# YOUR TASK
Could you transcribe exactly the lines below, from the line with "Terreno en venta Monforte del Cid" through the line with "Pug dog isolated", and nothing else, leaving out the pictures?

LISTED RECORDS section start

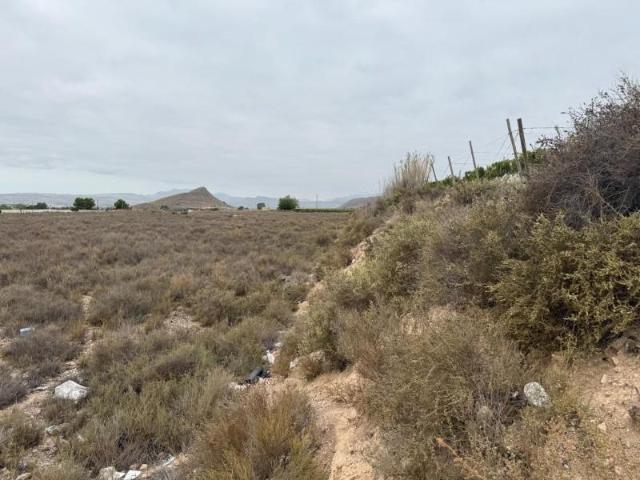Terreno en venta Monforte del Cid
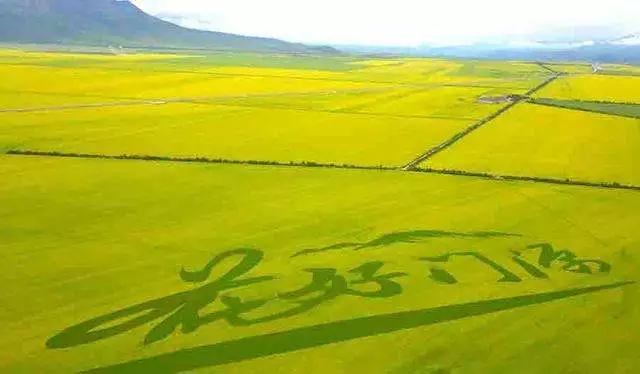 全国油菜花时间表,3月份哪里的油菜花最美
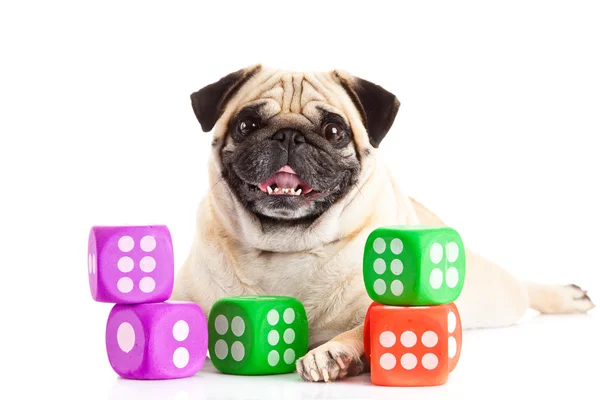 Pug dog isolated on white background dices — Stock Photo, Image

LISTED RECORDS section end
LISTED RECORDS section start

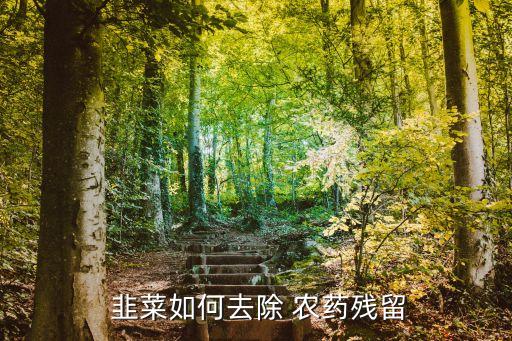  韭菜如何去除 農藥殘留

LISTED RECORDS section end
LISTED RECORDS section start

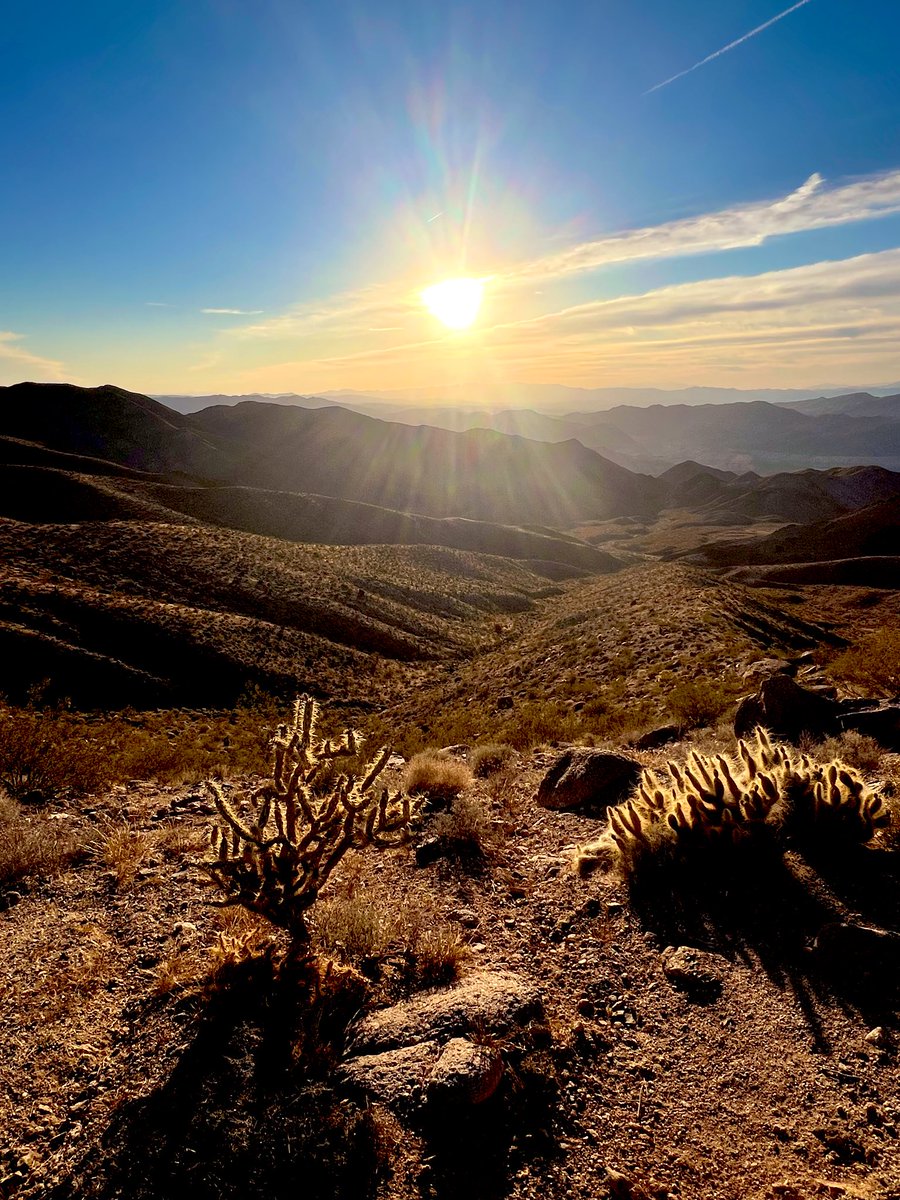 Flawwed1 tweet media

LISTED RECORDS section end

# SOLUTION FOR THIS PROBLEM
Terreno en venta Monforte del Cid
 全国油菜花时间表,3月份哪里的油菜花最美
 Pug dog isolated on white background dices — Stock Photo, Image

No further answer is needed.